- _Task inputs_:
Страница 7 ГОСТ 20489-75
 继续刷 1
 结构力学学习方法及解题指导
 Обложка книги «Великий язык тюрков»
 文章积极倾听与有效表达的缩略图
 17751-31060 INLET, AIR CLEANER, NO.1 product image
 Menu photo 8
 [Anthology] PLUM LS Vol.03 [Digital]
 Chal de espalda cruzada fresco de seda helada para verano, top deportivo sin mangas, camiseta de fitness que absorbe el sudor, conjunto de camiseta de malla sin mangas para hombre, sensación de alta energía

- _Your assignment_: Down to the final line, write out all of the material exactly.

- _Answer_:
Страница 7 ГОСТ 20489-75
 继续刷 1
 结构力学学习方法及解题指导
 Обложка книги «Великий язык тюрков»
 文章积极倾听与有效表达的缩略图
 17751-31060 INLET, AIR CLEANER, NO.1 product image
 Menu photo 8
 [Anthology] PLUM LS Vol.03 [Digital]
 Chal de espalda cruzada fresco de seda helada para verano, top deportivo sin mangas, camiseta de fitness que absorbe el sudor, conjunto de camiseta de malla sin mangas para hombre, sensación de alta energía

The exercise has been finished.